TASK STATEMENT: Locate the string "protection" in the records below. Copy every line where it occurs.

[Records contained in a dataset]
--- START ---
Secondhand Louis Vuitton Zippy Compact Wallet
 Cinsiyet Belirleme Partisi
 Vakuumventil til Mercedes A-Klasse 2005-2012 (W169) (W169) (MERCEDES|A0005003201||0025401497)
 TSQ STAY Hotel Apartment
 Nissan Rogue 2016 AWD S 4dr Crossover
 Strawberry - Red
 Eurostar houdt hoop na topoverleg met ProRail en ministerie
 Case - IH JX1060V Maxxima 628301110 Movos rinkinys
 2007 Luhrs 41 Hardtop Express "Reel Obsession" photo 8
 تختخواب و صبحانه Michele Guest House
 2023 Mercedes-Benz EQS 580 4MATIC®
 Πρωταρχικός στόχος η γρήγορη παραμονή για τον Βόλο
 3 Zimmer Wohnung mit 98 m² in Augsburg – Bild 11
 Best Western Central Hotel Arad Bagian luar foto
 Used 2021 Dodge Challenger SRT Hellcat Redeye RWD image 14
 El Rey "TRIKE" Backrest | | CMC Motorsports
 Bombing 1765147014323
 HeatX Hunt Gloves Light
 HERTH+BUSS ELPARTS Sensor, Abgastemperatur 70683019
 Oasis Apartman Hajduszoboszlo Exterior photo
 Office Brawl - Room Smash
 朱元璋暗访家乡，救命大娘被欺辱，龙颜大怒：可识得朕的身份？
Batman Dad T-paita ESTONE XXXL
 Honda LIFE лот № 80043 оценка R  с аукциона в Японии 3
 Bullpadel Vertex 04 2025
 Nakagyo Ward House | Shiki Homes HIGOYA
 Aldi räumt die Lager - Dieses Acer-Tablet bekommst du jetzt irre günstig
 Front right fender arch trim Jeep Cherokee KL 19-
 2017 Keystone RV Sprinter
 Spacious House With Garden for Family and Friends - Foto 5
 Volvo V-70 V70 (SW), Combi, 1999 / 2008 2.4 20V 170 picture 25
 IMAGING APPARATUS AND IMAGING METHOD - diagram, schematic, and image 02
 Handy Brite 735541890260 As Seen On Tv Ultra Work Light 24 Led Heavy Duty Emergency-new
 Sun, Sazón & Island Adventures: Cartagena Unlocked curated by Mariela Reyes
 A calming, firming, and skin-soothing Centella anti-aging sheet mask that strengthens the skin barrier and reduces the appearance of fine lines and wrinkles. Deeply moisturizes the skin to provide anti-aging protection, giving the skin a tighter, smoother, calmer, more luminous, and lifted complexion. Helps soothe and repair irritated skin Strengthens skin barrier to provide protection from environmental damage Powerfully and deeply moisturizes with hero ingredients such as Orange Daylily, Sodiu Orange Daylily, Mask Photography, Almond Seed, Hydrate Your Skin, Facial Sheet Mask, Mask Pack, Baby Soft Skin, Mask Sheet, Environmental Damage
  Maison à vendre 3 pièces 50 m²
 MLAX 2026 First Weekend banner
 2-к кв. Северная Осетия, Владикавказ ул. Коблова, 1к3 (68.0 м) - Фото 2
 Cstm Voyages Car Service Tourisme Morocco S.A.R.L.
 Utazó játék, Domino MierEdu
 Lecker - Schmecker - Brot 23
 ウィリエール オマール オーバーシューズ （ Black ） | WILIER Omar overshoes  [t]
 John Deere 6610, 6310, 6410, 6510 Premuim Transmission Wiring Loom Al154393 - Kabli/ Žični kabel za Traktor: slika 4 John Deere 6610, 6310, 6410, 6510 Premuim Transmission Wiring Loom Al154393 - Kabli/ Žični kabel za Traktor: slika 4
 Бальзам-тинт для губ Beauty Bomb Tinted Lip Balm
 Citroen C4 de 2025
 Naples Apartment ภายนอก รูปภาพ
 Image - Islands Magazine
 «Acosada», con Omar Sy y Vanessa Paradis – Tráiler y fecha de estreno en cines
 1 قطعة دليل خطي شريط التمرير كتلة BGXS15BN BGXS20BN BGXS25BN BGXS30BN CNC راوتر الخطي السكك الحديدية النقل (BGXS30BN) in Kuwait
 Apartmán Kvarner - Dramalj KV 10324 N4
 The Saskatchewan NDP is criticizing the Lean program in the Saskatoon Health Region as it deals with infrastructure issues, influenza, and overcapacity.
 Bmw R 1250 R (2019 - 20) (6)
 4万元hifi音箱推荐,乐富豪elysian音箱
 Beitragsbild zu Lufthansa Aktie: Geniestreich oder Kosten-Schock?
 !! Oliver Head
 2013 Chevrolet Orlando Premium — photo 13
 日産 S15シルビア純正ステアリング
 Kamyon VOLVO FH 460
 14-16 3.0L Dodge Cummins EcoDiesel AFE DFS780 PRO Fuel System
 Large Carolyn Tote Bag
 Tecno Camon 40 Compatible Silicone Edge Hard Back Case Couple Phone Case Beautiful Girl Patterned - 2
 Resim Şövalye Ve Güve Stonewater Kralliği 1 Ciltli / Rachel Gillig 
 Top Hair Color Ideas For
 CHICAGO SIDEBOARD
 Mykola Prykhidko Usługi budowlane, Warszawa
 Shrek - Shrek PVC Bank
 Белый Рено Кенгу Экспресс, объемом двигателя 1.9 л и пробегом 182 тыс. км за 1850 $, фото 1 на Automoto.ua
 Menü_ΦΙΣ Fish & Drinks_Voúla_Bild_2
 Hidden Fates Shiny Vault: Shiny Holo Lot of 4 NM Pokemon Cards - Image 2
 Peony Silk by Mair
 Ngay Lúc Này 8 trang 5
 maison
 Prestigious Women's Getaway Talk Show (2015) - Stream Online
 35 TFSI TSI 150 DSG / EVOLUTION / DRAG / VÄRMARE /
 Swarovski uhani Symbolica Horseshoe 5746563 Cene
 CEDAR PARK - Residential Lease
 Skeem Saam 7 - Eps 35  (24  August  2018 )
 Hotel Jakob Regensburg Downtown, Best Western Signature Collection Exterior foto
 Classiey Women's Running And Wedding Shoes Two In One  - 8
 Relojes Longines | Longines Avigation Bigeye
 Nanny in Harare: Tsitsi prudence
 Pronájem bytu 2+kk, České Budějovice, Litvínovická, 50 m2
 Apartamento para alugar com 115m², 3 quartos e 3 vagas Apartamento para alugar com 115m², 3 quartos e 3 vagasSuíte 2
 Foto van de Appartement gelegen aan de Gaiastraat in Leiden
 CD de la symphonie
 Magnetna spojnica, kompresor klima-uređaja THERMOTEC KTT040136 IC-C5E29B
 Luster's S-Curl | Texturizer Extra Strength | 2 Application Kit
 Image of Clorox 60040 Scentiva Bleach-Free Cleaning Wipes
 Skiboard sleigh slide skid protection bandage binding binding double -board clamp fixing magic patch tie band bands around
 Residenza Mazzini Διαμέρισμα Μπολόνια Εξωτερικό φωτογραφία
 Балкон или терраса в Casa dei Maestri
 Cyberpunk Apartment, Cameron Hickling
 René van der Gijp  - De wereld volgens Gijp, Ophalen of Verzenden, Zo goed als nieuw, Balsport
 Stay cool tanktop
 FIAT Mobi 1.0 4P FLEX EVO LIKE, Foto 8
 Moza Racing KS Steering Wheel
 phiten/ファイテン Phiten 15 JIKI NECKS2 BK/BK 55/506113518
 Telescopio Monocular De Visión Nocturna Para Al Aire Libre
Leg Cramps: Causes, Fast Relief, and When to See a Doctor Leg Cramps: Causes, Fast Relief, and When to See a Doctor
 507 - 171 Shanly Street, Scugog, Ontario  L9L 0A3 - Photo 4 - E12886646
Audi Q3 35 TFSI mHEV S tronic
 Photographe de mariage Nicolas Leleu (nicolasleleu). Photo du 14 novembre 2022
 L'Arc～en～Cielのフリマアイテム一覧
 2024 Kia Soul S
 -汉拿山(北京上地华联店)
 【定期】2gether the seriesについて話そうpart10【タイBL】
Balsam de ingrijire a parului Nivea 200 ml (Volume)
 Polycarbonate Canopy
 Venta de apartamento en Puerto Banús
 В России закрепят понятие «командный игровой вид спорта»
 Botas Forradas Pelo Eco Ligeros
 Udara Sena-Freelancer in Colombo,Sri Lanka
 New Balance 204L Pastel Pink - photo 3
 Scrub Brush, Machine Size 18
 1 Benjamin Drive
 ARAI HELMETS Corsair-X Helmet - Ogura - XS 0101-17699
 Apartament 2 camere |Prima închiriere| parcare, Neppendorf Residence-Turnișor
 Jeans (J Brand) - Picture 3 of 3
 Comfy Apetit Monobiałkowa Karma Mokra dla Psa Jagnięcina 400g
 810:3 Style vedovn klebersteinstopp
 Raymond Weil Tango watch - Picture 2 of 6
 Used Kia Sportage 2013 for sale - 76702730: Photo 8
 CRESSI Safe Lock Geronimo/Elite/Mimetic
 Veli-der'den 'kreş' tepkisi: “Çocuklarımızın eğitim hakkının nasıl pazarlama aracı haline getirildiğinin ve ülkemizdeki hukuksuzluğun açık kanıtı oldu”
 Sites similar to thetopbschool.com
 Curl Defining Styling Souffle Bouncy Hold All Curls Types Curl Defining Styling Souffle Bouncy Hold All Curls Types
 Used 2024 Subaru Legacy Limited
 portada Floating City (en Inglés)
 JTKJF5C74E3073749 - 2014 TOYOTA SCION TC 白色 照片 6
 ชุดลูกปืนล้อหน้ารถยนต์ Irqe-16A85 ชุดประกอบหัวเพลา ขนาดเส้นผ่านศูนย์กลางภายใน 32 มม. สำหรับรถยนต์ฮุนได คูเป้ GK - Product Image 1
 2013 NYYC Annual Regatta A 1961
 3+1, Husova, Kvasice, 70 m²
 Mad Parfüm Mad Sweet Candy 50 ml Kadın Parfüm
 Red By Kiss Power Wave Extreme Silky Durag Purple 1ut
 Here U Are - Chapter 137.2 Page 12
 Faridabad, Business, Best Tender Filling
--- END ---
RESULT FOR THIS TASK:
 A calming, firming, and skin-soothing Centella anti-aging sheet mask that strengthens the skin barrier and reduces the appearance of fine lines and wrinkles. Deeply moisturizes the skin to provide anti-aging protection, giving the skin a tighter, smoother, calmer, more luminous, and lifted complexion. Helps soothe and repair irritated skin Strengthens skin barrier to provide protection from environmental damage Powerfully and deeply moisturizes with hero ingredients such as Orange Daylily, Sodiu Orange Daylily, Mask Photography, Almond Seed, Hydrate Your Skin, Facial Sheet Mask, Mask Pack, Baby Soft Skin, Mask Sheet, Environmental Damage
 Skiboard sleigh slide skid protection bandage binding binding double -board clamp fixing magic patch tie band bands around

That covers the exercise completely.